Schmidt v. Johnstones

Citation263 F.Supp.2d 1219
Decision Date18 June 2003
Docket NumberNo. CV-02-0349-PHX-TAT.,CV-02-0349-PHX-TAT.
PartiesDiellind SCHMIDT, Petitioner, v. JOHNSTONE, Respondent.
CourtU.S. District Court — District of Arizona

Diellind Schmidt, Florence, pro se.

Cynthia M. Parsons, U.S. Attorney's Office, Phoenix, AZ, for Johnstone.

ORDER

TEILBORG, District Judge.

Pending befpre this Court is the Report and Recommendation (R & R) by Magistrate Judge Lawrence Anderson entered on March 10, 2003 (Doc. # 28). In the R & R, the Magistrate Judge recommends that this Court deny Petitioner Diellind Schmidt's Petition for Writ of Habeas Corpus pursuant to 28 U.S.C. § 2241 (Doc. #1).

In the R & R recommending that the Petition be denied, the Magistrate Judge advised the parties that (1) they had ten days to file specific written objections to the R & R and (2) the failure to timely file objections to any of the Magistrate Judge's factual determinations would be considered a waiver of the rights to de novo and appellate review of such determinations. (R & R at 5.) The parties did not file objections to the R & R.

STANDARD OF REVIEW

This Court "may accept, reject, or modify, in whole or in part, the findings or recommendations made by the magistrate." 28 U.S.C. § 636(b)(1). "Within ten days after being served with a copy [of a report and recommendation], any party may serve and file written objections.... [T]he court shall make a de novo determination of those portions of the [report and recommendation] to which objection is made." 28 U.S.C. § 636(b)(1). Moreover, 28 U.S.C. § 636(b)(1) does not "requiref ] some lesser review by the district court when no objections are filed." Thomas v. Arn, 474 U.S. 140, 149-50, 106 S.Ct. 466, 88 L.Ed.2d 435 (1985). Instead, district courts are not required to conduct "any review at all ... of any issue that is not the subject of an objection." Id. at 149, 106 S.Ct. 466.

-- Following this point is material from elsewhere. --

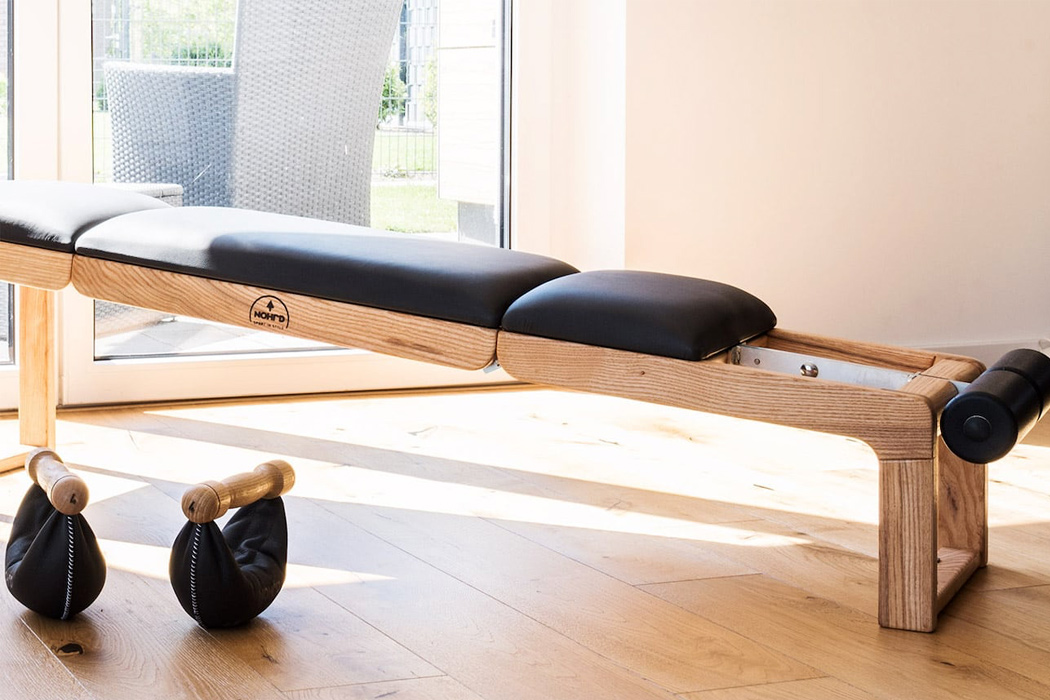 This 3-in-1 exercise bench doubles up as a minimalistic furniture
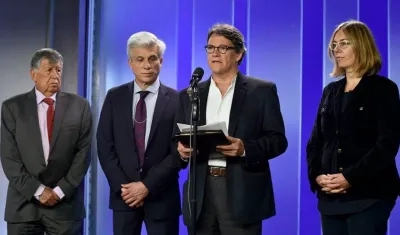 Gustavo Bell junto delegados del equipo de paz.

The petitioner in Thomas argued that 28 U.S.C. § 636(b)(1) distinguishes between factual and legal issues. Specifically, petitioner argued that "the obligatory filing of objections extends only to findings of fact .... [Congress] intended that the district judge would automatically review the magistrate's conclusions of law." Id. at 150, 106 S.Ct. 466. The Supreme Court rejected this argument and found that the circuit courts of appeal were free to adopt rules requiring petitioner to file objections to the legal conclusions in order to trigger review by the district court. See id. at 152, 106 S.Ct. 466 ("We thus find nothing in the statute or the legislative history that convinces us that Congress intended to forbid a rule such as the one adopted by the Sixth Circuit.").1

The Supreme Court's holding, however, does not compel the inverse conclusion; i.e., simply because the statute does not compel district court review of the magistrate judge's unobjected legal conclusions, it does not follow that the courts of appeals are precluded from promulgating such a rule. See Greenhow v. Secretary of Health and Human Services, 863 F.2d 633, 636 n. 1 (9th Cir.1988) ("While holding that the Sixth Circuit rule was a valid exercise of federal appellate supervisory power, [Thomas] did not compel its adoption by the rest of the courts of appeals."), overruled on other grounds United States v. Hardesty, 977 F.2d 1347, 1348 (9th Cir. 1992) (en banc) (rejecting Greenhow's method for resolving intra-circuit conflicts); see also Douglass v. United Services Automobile Association, 79 F.3d 1415, 1420, 1429 (5th Cir.1996) (en banc) (noting that Thomas acknowledges the courts of appeals' supervisory power to adopt such rules).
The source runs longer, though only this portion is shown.